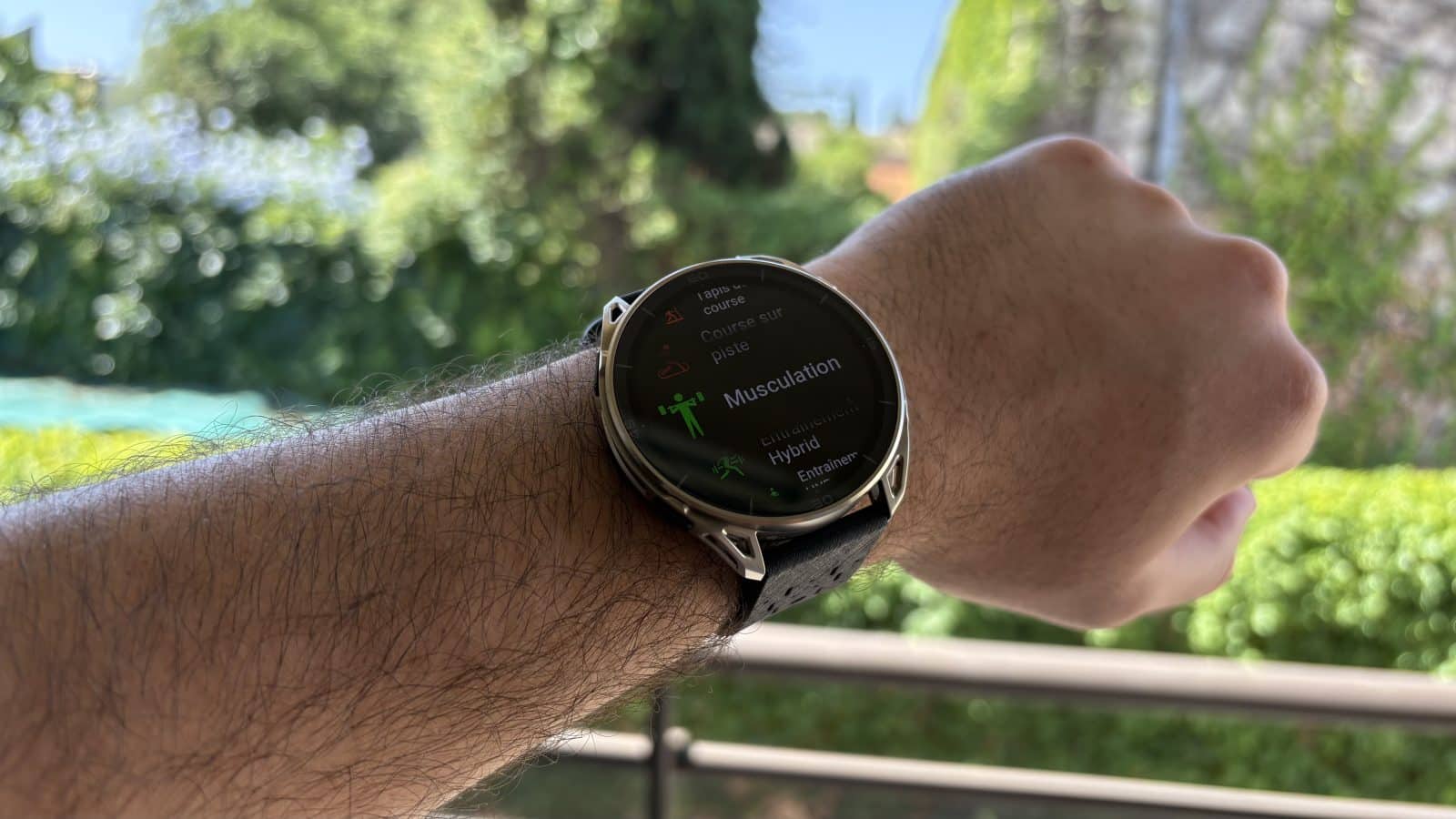 Amazfit Cheetah 2 Ultra - Musculation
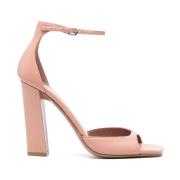 Stijlvolle Sandalen voor Zomerse Uitjes Paris Texas , Pink , Dames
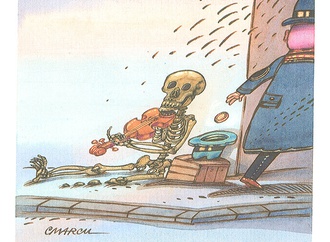 Gallery of the 4th National Bucharest Cartoon Contest-Romania 2001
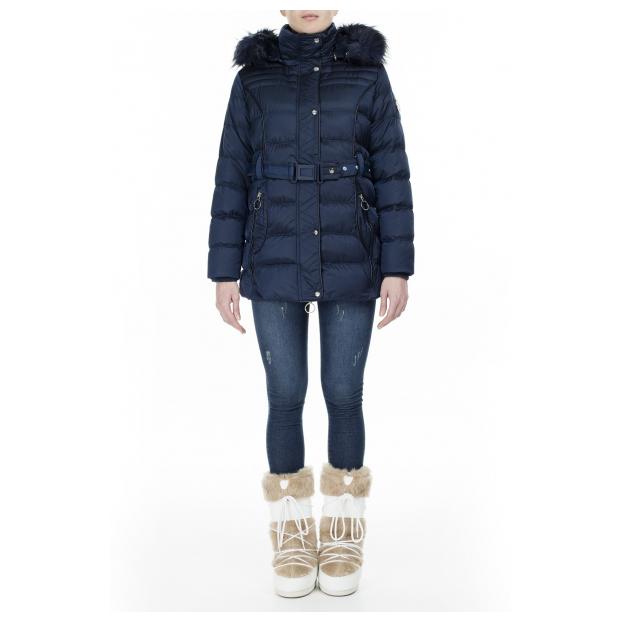 Куртка-парка зимняя женская GEOGRAPHICAL NORWAY «AIMERAUDE» LADY - Аритикул WU7128F-NAVY-S - Фото 15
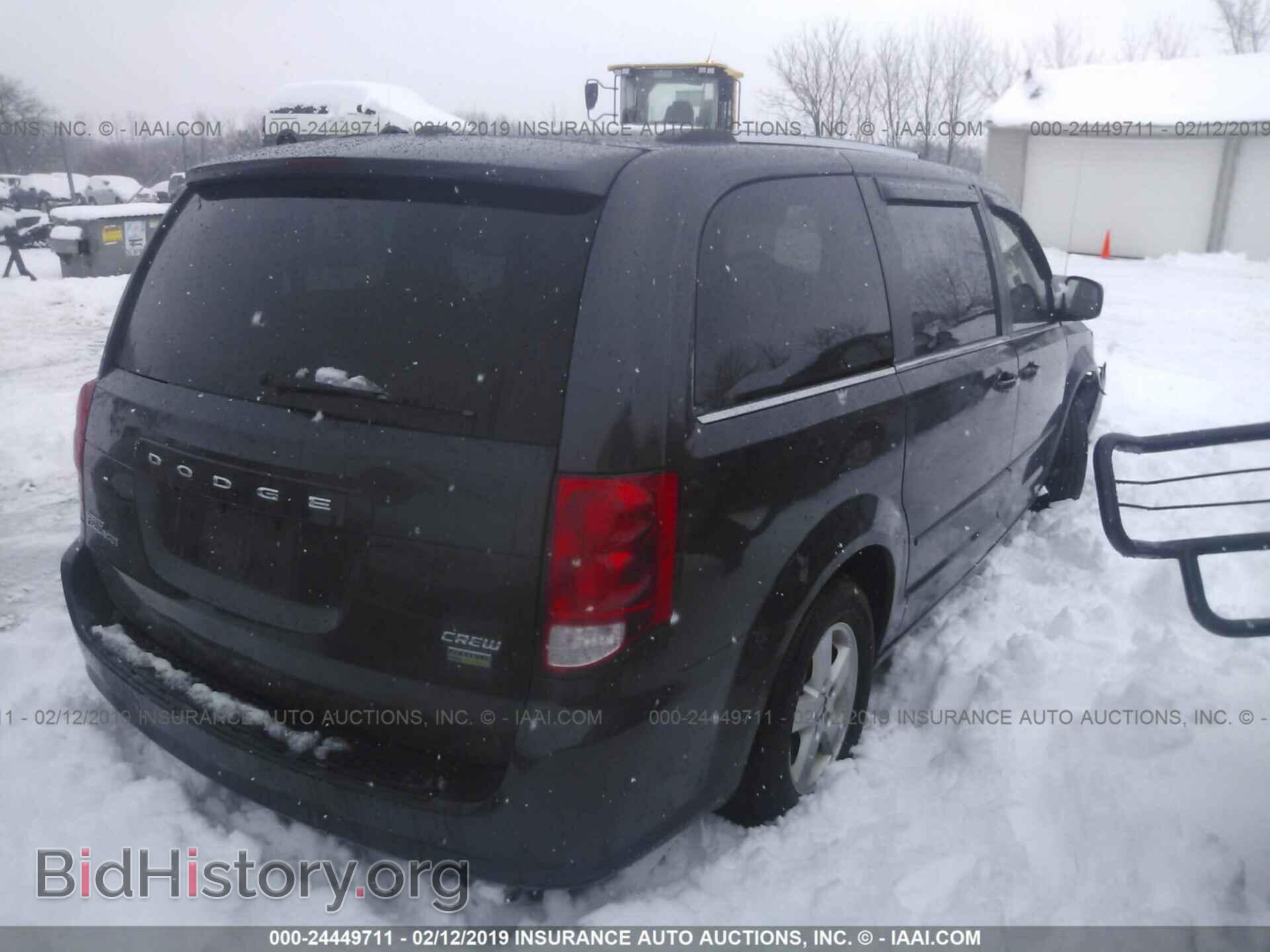 2011 DODGE GRAND CARAVAN - VIN: 2D4RN5DG2BR707075 - Фото 4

==*==

## [WHAT TO DO]
Once the pictures are set aside, transcribe the remaining lines above exactly.

## [RESULT OF THIS TASK]
 Amazfit Cheetah 2 Ultra - Musculation
 Stijlvolle Sandalen voor Zomerse Uitjes Paris Texas , Pink , Dames
 Gallery of the 4th National Bucharest Cartoon Contest-Romania 2001
 Куртка-парка зимняя женская GEOGRAPHICAL NORWAY «AIMERAUDE» LADY - Аритикул WU7128F-NAVY-S - Фото 15
 2011 DODGE GRAND CARAVAN - VIN: 2D4RN5DG2BR707075 - Фото 4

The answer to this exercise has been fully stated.